Evan – yes you could let the therapist know what you think would work for you. The thing is, what would be the reason those things haven’t previously worked? Hypnosis works very well with a permissive style which allows the subconscious to make the best connections for you, because change occurs on the subconscious level first.
Noch Noch – hypnosis is probably more likely to look for ways to allow those disturbing dreams and nightmares to disappear so that you have a restful sleep and wake refreshed. As well, a psychologist would provide coping strategies for day-to-day life so that you are more relaxed and calm. Hypnosis would be working to resolve that angst or conflict so that you are no longer sleep deprived.

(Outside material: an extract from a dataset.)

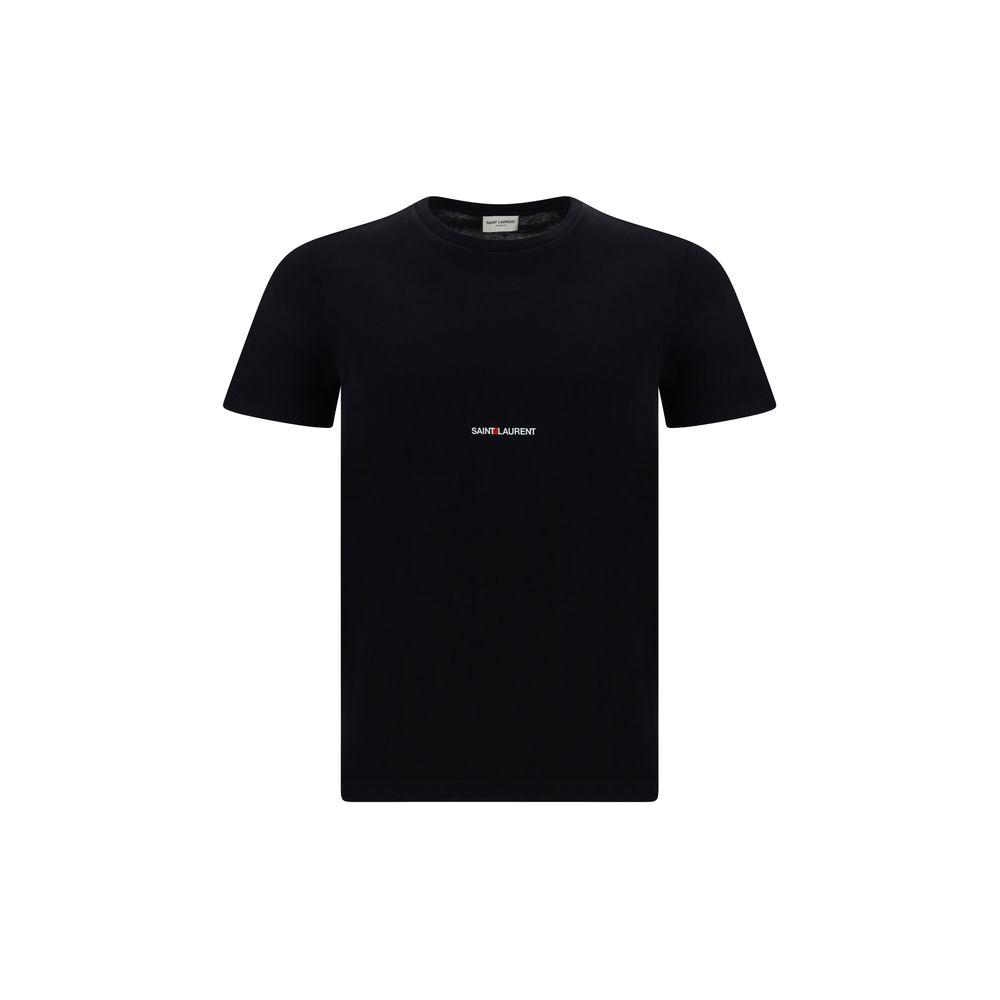 Saint Laurent black cotton T-shirt with ribbed crew neck and contrasting monogram on the front, featuring a monochrome pattern.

If there is a prior history of Post-Traumatic Stress, then hypnosis will also assist to reduce those symptoms which may include nightmares too. I have included my site: http;//livelife2themax.com.au but if this is against your policies, I understand. I also have a complimentary Depression Anxiety Stress Survey which anyone may complete free of charge, to simply check on how you are going. Warm regards, Narelle Stratford
John Folk-Williams says
Thank you, Narelle –
Glad the post is on the right track. Your comments are very helpful. I look forward to learning about your practice at your website.
John
Noch Noch says
Hi JOhn
Do you think hypnosis would help in interpreting dreams? I get a lot of dreams and nightmares all the time
I wonder what message it’s trying to tellme
I thought about hypnosis but it’shard to find a good psychologist who does this here in China
Noch
John Folk-Williams says
Hi, Noch –
I don’t know if hypnotherapy is the best way to examine dreams. There are other traditions that have focused on them. It’s classic Freudian and Jungian subject matter for therapy. Since you get into a trance-like state of mind in hypnosis, you could learn to observe dreams like any other thoughts or feelings going through your mind, but I’m not sure if trying to get to their meaning is a major interest of a hypnotherapist. I need to look into that.
John
Evan says
This looks like a great process.
I guess for specific issues the client could offer suggestions about ways forward that the therapist could use.
John Folk-Williams says
Hi, Evan – and Happy 2012!
I’m trying to locate a hypnotherapist around here to talk to further about the process. That’s a problem with the newer psychotherapies. They’re great in concept, but it’s hard to find specialists who really know how to practice.
John
John Folk-Williams says
Hi, Evan –
To add a little bit to what I said before – I agree about the client’s suggestions. Yapko emphasizes the need to draw the client into an active role in this treatment by following through and putting into practice what they’ve been learning. I’m sure a responsive therapist like Yapko would want to work with the client’s suggestions since those indicate what they’re more likely to want to do. That’s one of things I want to find out more about.